No, I don’t know. Museums are special, authoritative and important. That’s part of their magic.
I’m all the fuck for celebrating the majesty of the “common man.” Let’s come together as a people and a world. Let’s do away with aristocracies and classes and all that shit. Or, to quote Oklahoma:
I’d like to teach you all a little sayin’
And learn the words by heart the way you should
I don’t say I’m no better than anybody else,
But I’ll be damned if I ain’t jist as good!
But let’s not try to insist that a blurry picture of my fat ass on vacation is the moral, artistic or any equivalent of the fucking Mona Lisa. Or any other stuff that hangs in a museum.
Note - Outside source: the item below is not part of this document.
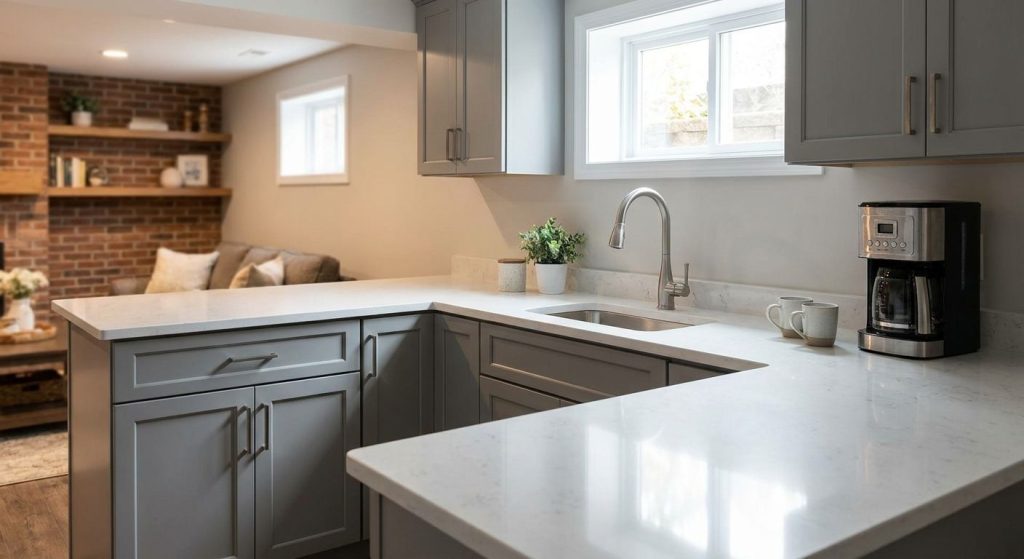 Quartz countertops for basement kitchenettes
Technology, and the whole web2.0 thing (blogs, flickr, etc.) especially, should never be thought of as a way to bring {newspapers/museums/politics/whatthefuckever} down to the level of the “common man.” Instead, these things should be thought of as a way of elevating the experiences of the “common man” to the level of {significance/art/cultural impact/whatthefuckever} as the things covered by those institutions.
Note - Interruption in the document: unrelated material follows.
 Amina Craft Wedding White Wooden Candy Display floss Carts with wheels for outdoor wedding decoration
It’s a subtle difference, I admit. But the main point is, humanity should always strive to move upward towards greatness rather than to deny greatness and drag it through the gutter. Egalitarianism should be about raising, not lowering. All men were created equal not by stripping everyone of rights but by ensuring that those rights were applied to everyone, even the “common man.”
In the end, it’s all well and good to speak of “leveling the playing field” – let’s just not insist on making everyone equally ugly when we can focus instead on making everyone beautiful.
I think I might have been less galled if today weren’t Martin Luther King, Jr. Day.